Case Study: Family & Individuals Wealth Management
November 27, 2019

Please remember that all clients are different and individual suitability should be determined. These case studies are presented as information only; actual results may vary. It is not our position to offer legal or tax advice. Seek the advice of a professional advisor prior to making a tax-related investment and/or insurance decision.

Bill, 70, is a senior partner at a prominent law firm. He and his wife, 70 year old Mary, have two sons and four grandchildren. Both sons are successful themselves and don’t need their parents’ assets. Although Bill and Mary have Unified Credit Trust wills, there are no generation-skipping provisions.

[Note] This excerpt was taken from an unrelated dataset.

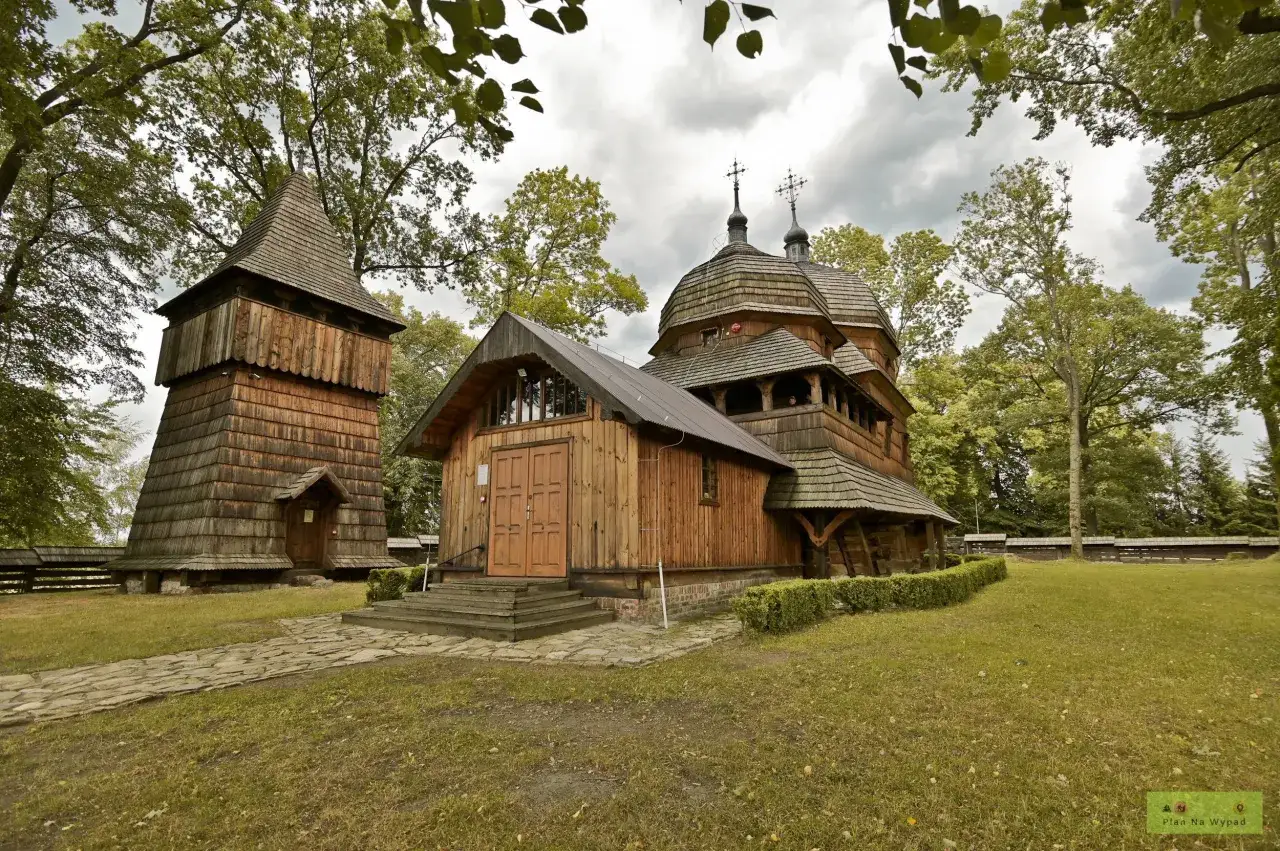 Atrakcje wschodniej Polski: Twój przewodnik po niezapomnianych miejscach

Bill has a law firm pension of $140,000 per year with 65% survivor annuity if he predeceases Mary. Their assets are jointly owned, except for Bill’s $800,000 of financial assets outside of retirement plans and Mary’s $40,000 IRA (although Mary is the beneficiary of all of Bill’s retirement plans and IRA assets). Their net worth of $13.8 million is broken down as follows:

 

  • $3.8 million in IRAs and Bill’s law firm retirement plan
  • $5 million in residential real estate- a city home and a country home
  • $4 million in stocks, bonds, mutual funds and cash outside of the retirement plans
  • $1 million of life insurance (owned by Bill) with a decreasing cash value.

Concerns

  • Retirement plans/IRAs may be subject to 70% or more taxation at death, inclusive of federal estate taxes, state inheritance taxes and income taxes.
  • Inadequate liquidity: $4 million to settle approximately $5-6 million in estate settlement costs, inclusive of death taxes, income tax on retirement plans/IRAs and costs of estate administration, without having to crack open retirement plans/IRAs.
  • Mary does not need more of Bill’s retirement plan and IRAs. She has adequate resources from his pension, Social Security and the $4 million other financial assets.
  • If Mary predeceases Bill, there will be two adverse consequences:
    1. Her Unified Credit will likely be lost, since she has no assets in her name (except for her IRA) and
    2. The family will lose the ability to stretch out the income taxation of the retirement plan/IRAs over the children’s or grandchildren’s lifetimes.
  • Up to 46% in estate taxes at Bill/Mary’s deaths, followed by up to another 46% tax if the sons die, could result in over 70% taxation of each dollar Bill has worked so hard to earn. All of the estate taxes on the life insurance and most taxes on the residential real estate could be avoided with proper planning.

Potential Solutions

  • Current pension laws dictate that the distribution pattern of Bill’s retirement plan/IRA assets would be locked in” based on the beneficiary designation as of April 1 of the year after Bill’s death. By March 31, we had established six separate accounts, with each son and grandchild the beneficiary of one account.
  • Mary remained beneficiary of $800,000 of Bill’s retirement plan, which Bill and Mary will draw down first through required minimum distributions (RMDs) allowing the other accounts to grow.
  • This carves out for the children and grandchildren also reduced the RMD for the first taxes and allowed for continued tax-deferred growth of the difference.
  • The $200,000 carved out for each grandchild is expected to yield more than $12,000,000 over the grandchild’s lifetime (6% return).
  • Replaced Bill’s existing life insurance with $3.5 million of survivorship life insurance owned by an estate tax-free irrevocable trust. This solves the estate liquidity shortfalls. Bill and Mary will gift to the trust each year and the trust will pay the premium. The trust is generation-skipping (ultimately, the trust assets will distribute to the grandchildren or great-grandchildren, skipping taxes).
  • Retitled joint assets to Mary’s name to fund her Unified Credit Trust and included provisions on new wills to take advantage of generation-skipping tax at sons’ deaths.
  • Exemption will occur at Bill and Mary’s deaths, avoiding the second estate tax of up to 46%.
  • Created four Qualified Personal Residence Trusts (QPRTs) to transfer both homes out of the taxable estate for one-quarter of the value, assuming the trusts mature.